Cannabis companies and products are increasing in both acceptance and popularity. CBD, in particular, is truly revolutionizing the health and wellness industry. What is unclear, however, are the different laws and regulations governing the industry. State and federal laws differ on the topic rendering production and business complicated. There are also various governing bodies that have opinions on the matter including the US Food and Drug Administration (FDA), the US Department of Agriculture (USDA), the US Postal Service (USPS), and the Transportation Security Administration (TSA). Understanding where these agencies stand is important in determining what we are currently able to do and what we need to change to make improvements for the future of the industry.
Since the Farm Bill of 2018 was passed, the FDA maintains that the interstate sale of CBD is unlawful due to the fact that it has been considered a drug and therefore cannot be considered a food or a supplement. However, with such demand for CBD infused food and beverages as well as dietary supplements, the FDA has been forced to review their stance. On May 31, the agency held a public meeting which gave voice to the companies to provide information and data regarding the CBD market. The FDA also created a working group to evaluate the regulations for the non-drug uses of CBD. There is expected to be an update to this effect later this summer.

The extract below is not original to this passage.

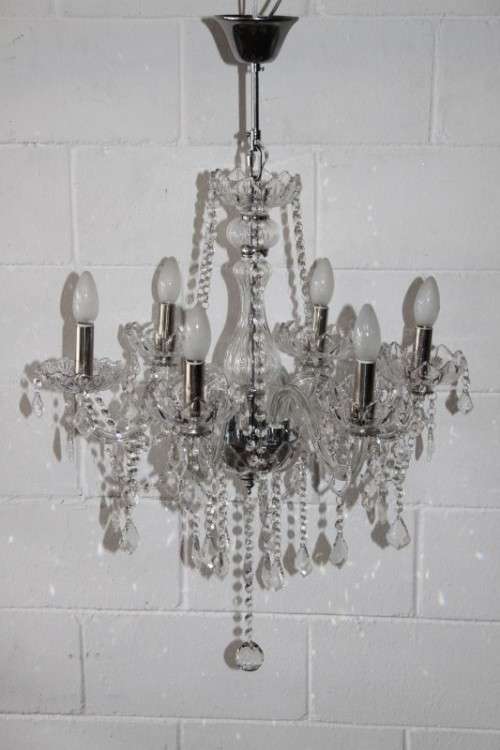 A superb and expensive crystal chandelier with curved glass arms and 6x light fittings = wow!!!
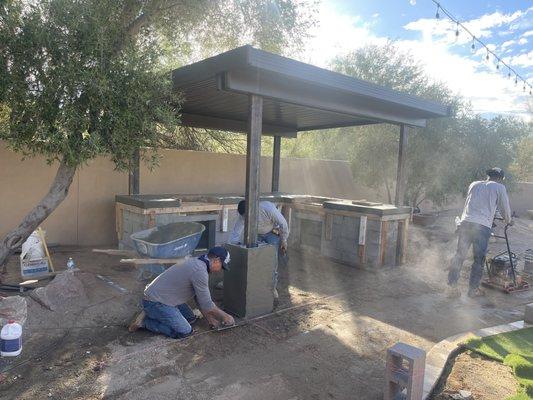 Solid roof patio cover with BBQ and travertine patio under construction.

The USDA published an opinion letter in May of 2018 to state that the states, as well as Native American tribes, cannot prevent the transportation or shipping of cannabis-based products as per the Farm Bill of 2014. They maintained that the interference of either would be considered illegal since the Farm Bill of 2018 allows for the production of cannabis and hemp products under other Federal laws, including the Farm Bill of 2014. This opinion letter is non-binding; however, it is clear that the USDA does not support state or tribe interference with lawfully grown and processed products.
The USPS released a statement in March of 2019 to shed light on the mailing and shipment of CBD products. The most recent guidelines, made clear in June, allow for the mailing of products as long as the levels of THC do not surpass 0.3%. The mailer must also be in line with all federal, state, and local laws concerning production, distribution, and sale. Further, the mailer must retain records of such for no less than two years after the mailing date. With that said, they highlight that the mailing of food and dietary supplements would be legal since they are not approved by the FDA. This matter still needs to be clarified by the USPS and officially litigated.
The TSA has been notoriously confusing when it comes to traveling with CBD products. They have since made clarifications to state that the transportation of CBD products remains illegal under federal law if they surpass the legal amount of 0.3% THC or unless they are approved by the FDA. This reads that products that are still not approved by the FDA but remain under the legal THC level are permitted for travel. However, travelers should still proceed with caution as the final decision can be made by the TSA officer and the TSA could test products to verify their THC amount. However, current tests used by the TSA can only determine if THC is present and are not sophisticated enough to determine exact levels.
While all of these agencies appear to have regulations that legalize the transportation and shipping of CBD products, there is still a lot of gray area and companies and travelers should proceed with caution. The policies are too broad and leave too much room for interpretation or judgement from officers or local law enforcement. This is expected to change as CBD becomes more widely accepted, but it takes time to change mindsets as well as regulations.